Thresholds are calibrated at the 99th percentile of healthy-data statistics, never tuned on leak events. This preserves statistical validity of the FPR guarantee and ensures generalisation to novel leak patterns.


Technical foundation

Built with robust ML and data engineering libraries, GPU-accelerated training, and config-driven detection.

ML Model
XGBoost (GPU)
Gradient-boosted regression trees with CUDA histogram splitting. 100K trees with early stopping, depth 6, aggressive regularisation.
Data Processing
pandas + NumPy
Vectorised residual computation, rolling-window detectors, and wide-to-panel format conversion for 7.6M+ rows.
Visualisation
Plotly + Matplotlib
Interactive Dash dashboards for exploration.

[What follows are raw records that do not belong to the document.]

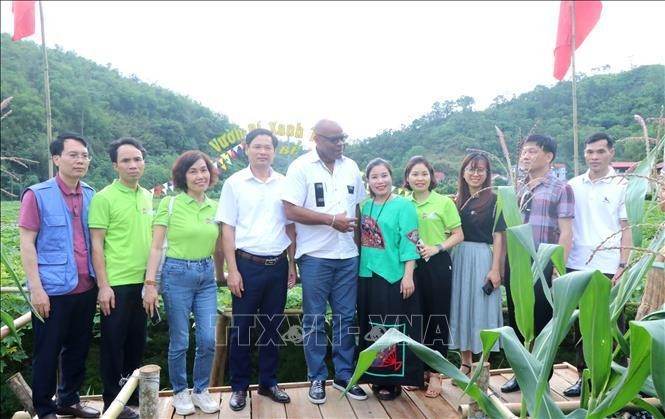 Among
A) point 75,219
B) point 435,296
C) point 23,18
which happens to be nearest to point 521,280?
point 435,296

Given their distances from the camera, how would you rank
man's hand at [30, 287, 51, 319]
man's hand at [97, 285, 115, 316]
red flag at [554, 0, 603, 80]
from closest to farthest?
man's hand at [30, 287, 51, 319] → man's hand at [97, 285, 115, 316] → red flag at [554, 0, 603, 80]

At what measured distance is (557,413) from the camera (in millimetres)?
1025

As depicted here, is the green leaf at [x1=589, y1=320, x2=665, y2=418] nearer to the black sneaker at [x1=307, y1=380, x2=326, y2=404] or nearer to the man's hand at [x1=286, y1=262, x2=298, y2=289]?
the black sneaker at [x1=307, y1=380, x2=326, y2=404]

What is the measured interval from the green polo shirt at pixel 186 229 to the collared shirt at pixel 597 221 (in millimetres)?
1935

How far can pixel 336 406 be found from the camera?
2.54 m

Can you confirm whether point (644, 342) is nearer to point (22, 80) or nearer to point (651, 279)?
point (651, 279)

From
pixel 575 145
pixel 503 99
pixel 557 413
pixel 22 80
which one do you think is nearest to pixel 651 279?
pixel 557 413

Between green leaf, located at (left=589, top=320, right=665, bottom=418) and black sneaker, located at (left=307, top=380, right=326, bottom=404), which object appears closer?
green leaf, located at (left=589, top=320, right=665, bottom=418)

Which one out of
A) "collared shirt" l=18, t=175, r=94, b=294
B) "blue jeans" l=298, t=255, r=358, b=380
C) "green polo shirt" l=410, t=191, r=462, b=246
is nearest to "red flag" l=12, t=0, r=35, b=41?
"collared shirt" l=18, t=175, r=94, b=294

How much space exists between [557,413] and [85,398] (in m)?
2.44

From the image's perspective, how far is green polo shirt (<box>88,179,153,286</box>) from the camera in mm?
2318

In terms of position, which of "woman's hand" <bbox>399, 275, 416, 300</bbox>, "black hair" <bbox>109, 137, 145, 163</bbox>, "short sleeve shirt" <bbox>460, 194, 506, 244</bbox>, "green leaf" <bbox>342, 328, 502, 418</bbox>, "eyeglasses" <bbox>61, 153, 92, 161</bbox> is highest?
"black hair" <bbox>109, 137, 145, 163</bbox>

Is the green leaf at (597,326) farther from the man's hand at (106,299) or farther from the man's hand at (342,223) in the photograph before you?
the man's hand at (106,299)

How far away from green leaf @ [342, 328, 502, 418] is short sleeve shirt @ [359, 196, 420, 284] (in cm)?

Static matplotlib figures for stakeholder reports and publication-quality PDF exports.
Unsupervised
Isolation Forest + PCA
Optional unsupervised scoring layer on the residual vector for additional anomaly evidence beyond the four primary detectors.
Configuration
JSON Config-Driven
All detector parameters, voting rules, family weights, and state machine timings in detection_config.json — no hardcoded thresholds.
Environment
Conda + CUDA
Reproducible conda environment with GPU-accelerated training on NVIDIA hardware. Full pipeline from raw data to dashboard in numbered scripts.

What's next

The detection engine is operational. Next steps focus on data quality, deployment, and expansion.

📡

Clean CT Data Recovery

119/162 subsystems reported frozen CT values from Apr–Aug 2025 due to a data export issue. Obtaining clean CT data from alternative source will unlock full-period blind testing.

☁️

Real-Time Deployment

Deploy the online engine for live 15-minute monitoring with email/SMS alerting to facility managers. Current pipeline processes events retrospectively — next step is live streaming.

🏪

Multi-Store Generalisation

Adapt the model to additional grocery stores with different system configurations. The single-model architecture with sub_idx embedding makes transfer learning straightforward.